My question is, can Tae Kwon do compliment AIkido? Thanks
Incorporating knowledge of other styles into aikido training is a pretty common question. In practice, I don't think it works out in most cases. A necessary condition would seem to be a solid understanding and competence in at least the basics of the style in question, and then there's the question of the style itself. It may be that your junior black belt program was something exceptional, but most youth martial arts "training" is just another kid activity, and I'm afraid TKD is notorious for decorating kids with grandiose and overinflated ranks and not instilling any actual martial skill. If your school was one of the few where you spent considerable time working out on the heavy bag, and sparring with hard contact, you may have learned how to land a solid punch or kick. If, on the other hand, your school emphasized WTF-style "sparring" (read: lots of tap-tap high kicks and essentially no punches, because punches to the head are illegal and punches to the body never get points no matter how well they're done) and poomse, I don't think that's what I'd want to base my atemi on.
But even (especially?) if you can punch like Ali and kick like a mule, it's iffy to go off script in partner practice, unless both you and your partner are skilled enough to train like that. I'm reminded of seeing a newbie in his very first jo class, take a swing at his partner with a speed, strength and enthusiasm that was inversely proportional to his level of skill and control (oh, such a bad combination). His partner was considerably more skilled, able to not only protect herself from the wild strike, but to continue to the next part of the kata without using more speed or force than the newbie could handle, and so no harm done -- but Sensei saw this, stopped them, and said to the newbie, "Don't dish it out until you can take it." As someone once pointed out in these forums, the speed and strength and intensity of your attack tends to bounce right back at you -- that's the nature of aikido. Unless your partner is pretty skilled, the danger of punching like Ali and kicking like a mule is, first, that you'll hurt your partner; second, that your partner will hurt you. Same goes anytime you go off the script. Until you and your partner both have the skill to color outside the lines, better stay within them.

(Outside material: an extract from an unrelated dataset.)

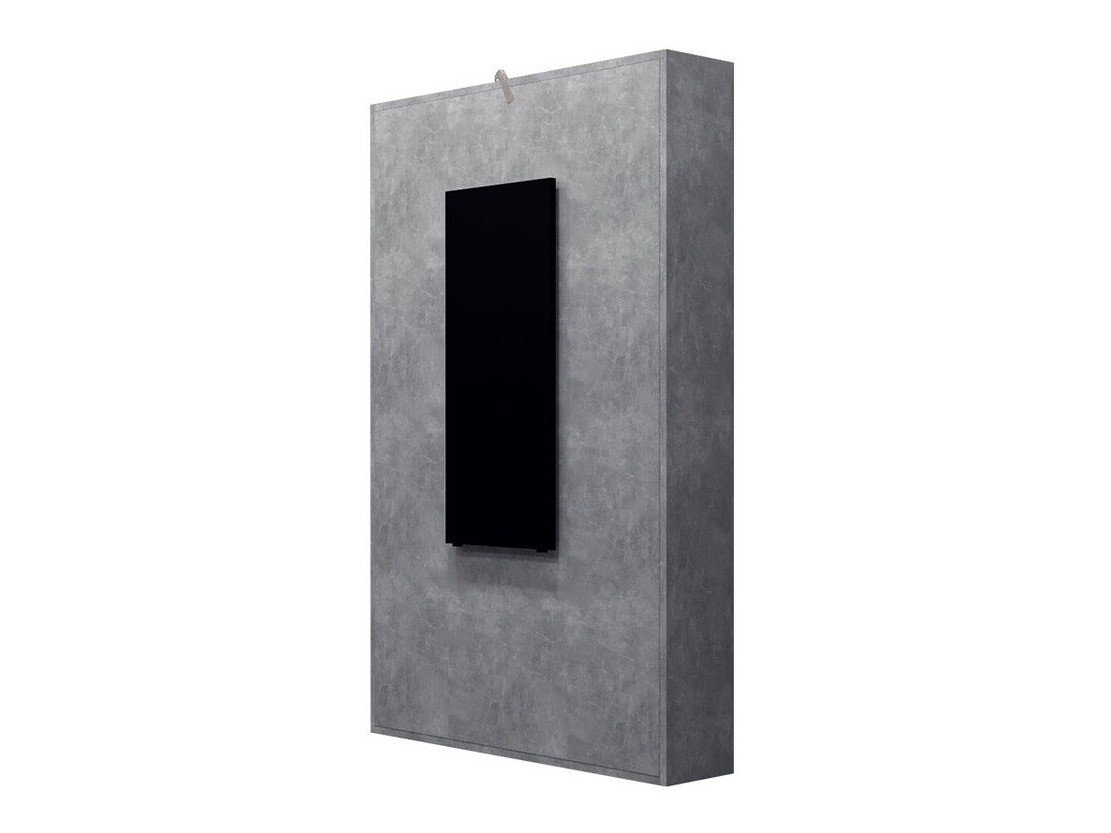 Сгъваема маса Pinis III (Черен + Бетон)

As for kicks specifically, I asked my sensei about that, and was told it's for two reasons: first, not many people are competent at kicking (including most who think they are), and second, the ukemi is difficult and it's easy to get hurt. Looking at the big wide world out there, kicking seems like a low percentage attack to defend against, and if we did train against kicks, I think it would make most sense to deal with kicks at knee level or below, since that's the highest most fighting dufuses seem capable of.